Repeat exactly the lines of the material below that run from the "Deutschlandpremiere ICE AGE Kollision Voraus Jenny" line to the "Reebok Vintage Reebok" line, including both, and do not carry over any pictures.

◆ DATASET RECORDS:

[Start of Attachment]

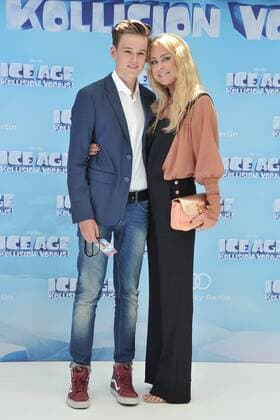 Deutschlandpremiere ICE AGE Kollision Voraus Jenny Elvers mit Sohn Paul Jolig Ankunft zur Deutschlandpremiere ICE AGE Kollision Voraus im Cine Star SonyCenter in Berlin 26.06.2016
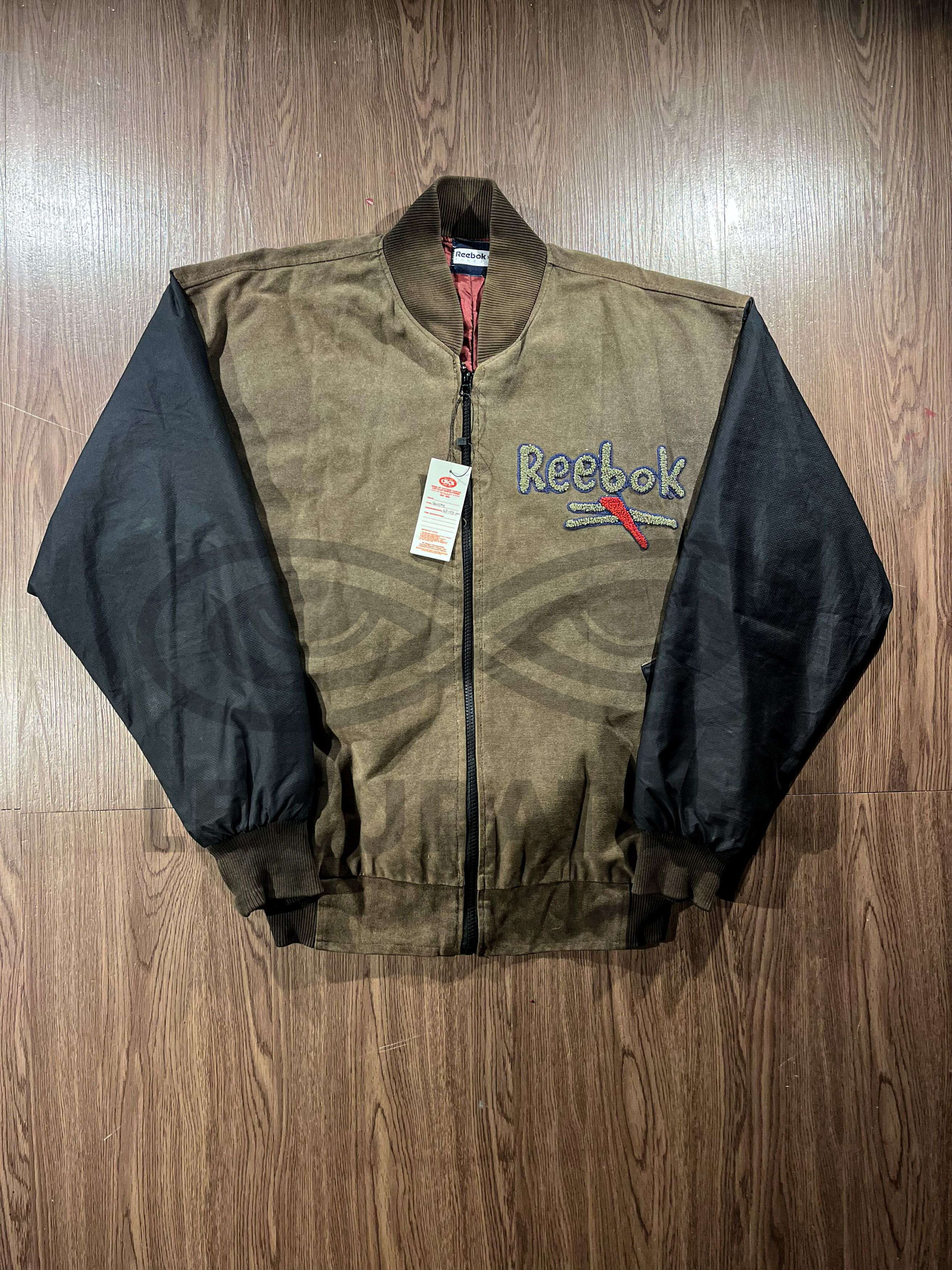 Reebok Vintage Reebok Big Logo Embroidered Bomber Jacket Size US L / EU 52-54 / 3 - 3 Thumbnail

[End of Attachment]
[Start of Attachment]

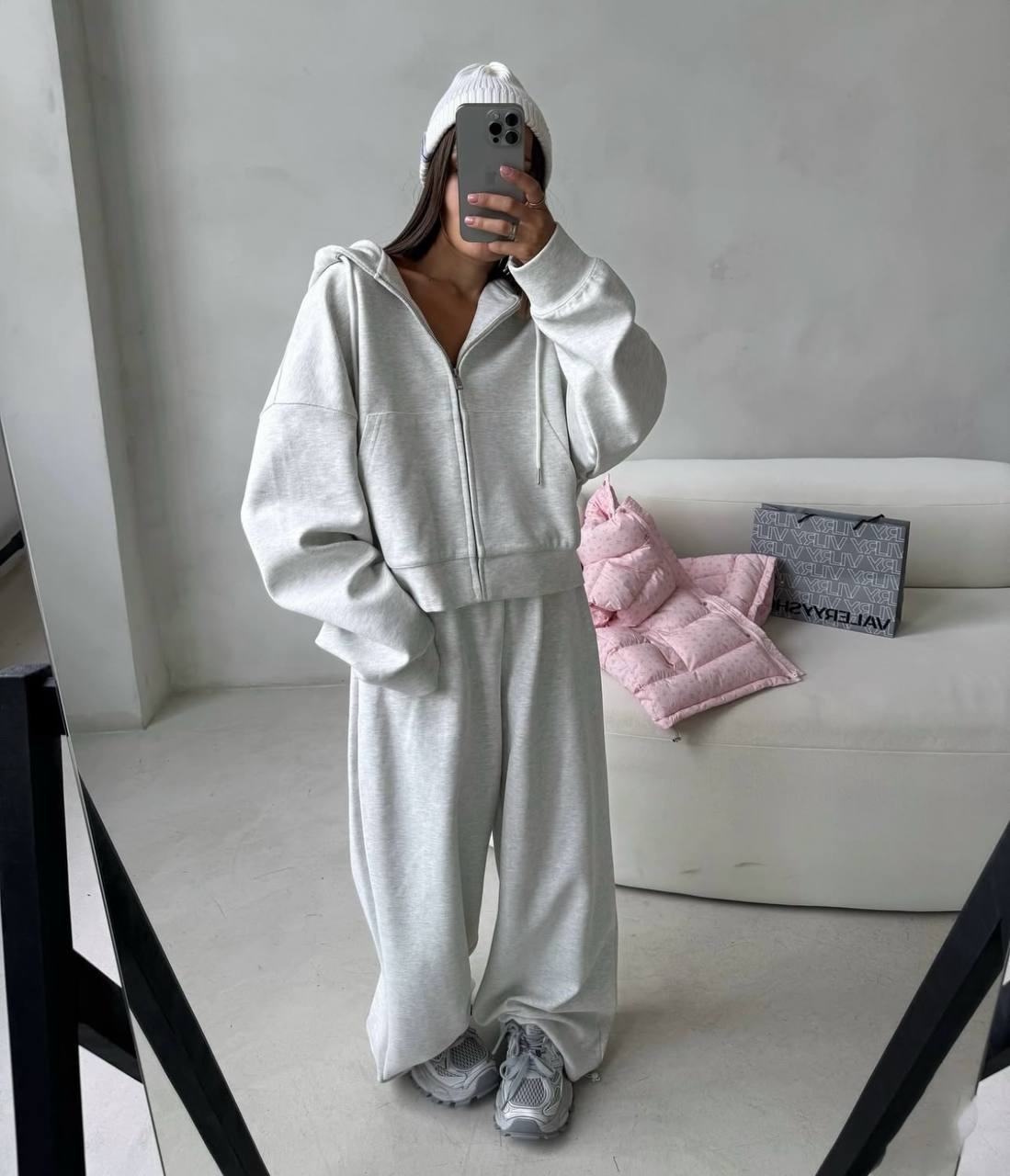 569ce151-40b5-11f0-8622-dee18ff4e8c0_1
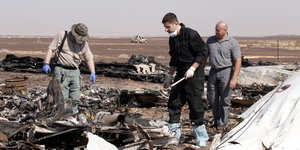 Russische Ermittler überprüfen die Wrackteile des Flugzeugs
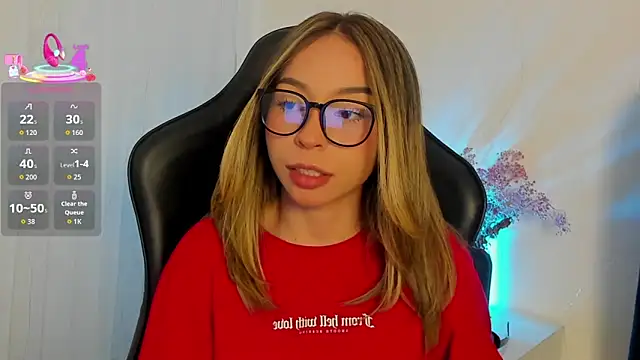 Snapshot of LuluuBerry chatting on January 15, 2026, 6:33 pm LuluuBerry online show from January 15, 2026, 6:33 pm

[End of Attachment]

◆ TASK ANSWER:
 Deutschlandpremiere ICE AGE Kollision Voraus Jenny Elvers mit Sohn Paul Jolig Ankunft zur Deutschlandpremiere ICE AGE Kollision Voraus im Cine Star SonyCenter in Berlin 26.06.2016
 Reebok Vintage Reebok Big Logo Embroidered Bomber Jacket Size US L / EU 52-54 / 3 - 3 Thumbnail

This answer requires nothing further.